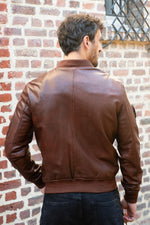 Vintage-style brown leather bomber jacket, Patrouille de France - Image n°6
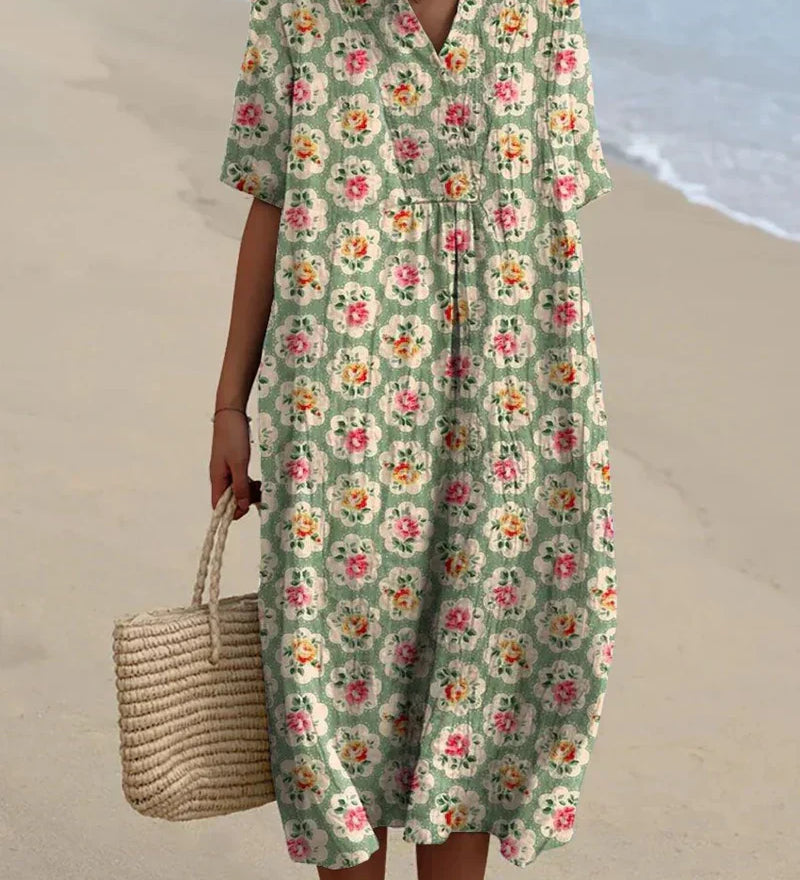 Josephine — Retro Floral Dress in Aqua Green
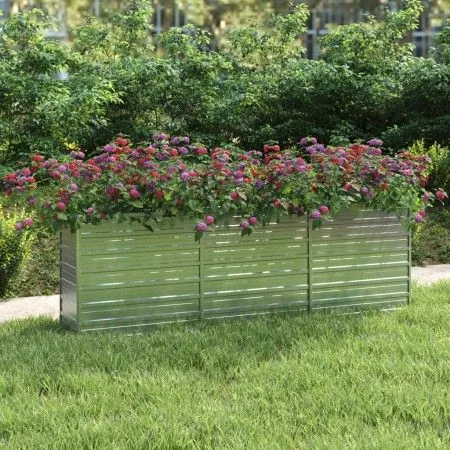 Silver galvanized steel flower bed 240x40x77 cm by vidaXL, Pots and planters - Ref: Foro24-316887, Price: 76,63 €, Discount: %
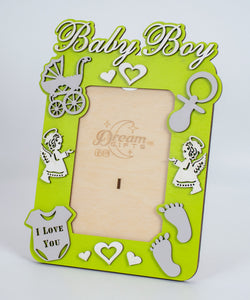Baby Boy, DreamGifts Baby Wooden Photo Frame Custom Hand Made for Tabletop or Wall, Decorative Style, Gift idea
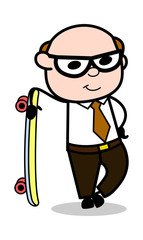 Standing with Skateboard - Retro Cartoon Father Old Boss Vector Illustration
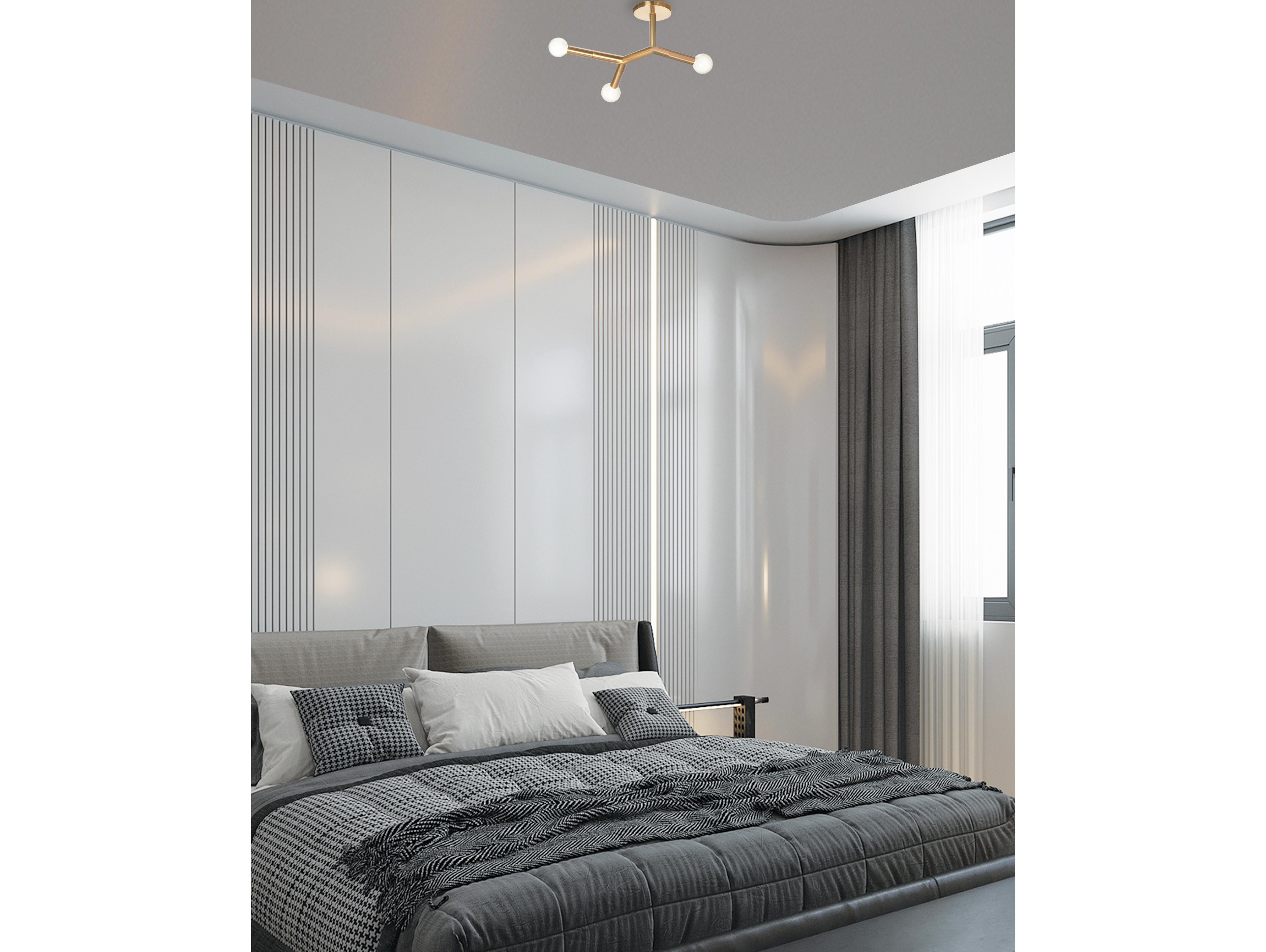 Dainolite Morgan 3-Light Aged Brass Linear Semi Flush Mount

The problem: All that is needed here is the run of lines from the one containing "Josephine — Retro Floral Dress in Aqua Green" through the end of the material above, reproduced exactly and without pictures.

Your solution:
 Josephine — Retro Floral Dress in Aqua Green
 Silver galvanized steel flower bed 240x40x77 cm by vidaXL, Pots and planters - Ref: Foro24-316887, Price: 76,63 €, Discount: %
Baby Boy, DreamGifts Baby Wooden Photo Frame Custom Hand Made for Tabletop or Wall, Decorative Style, Gift idea
 Standing with Skateboard - Retro Cartoon Father Old Boss Vector Illustration
 Dainolite Morgan 3-Light Aged Brass Linear Semi Flush Mount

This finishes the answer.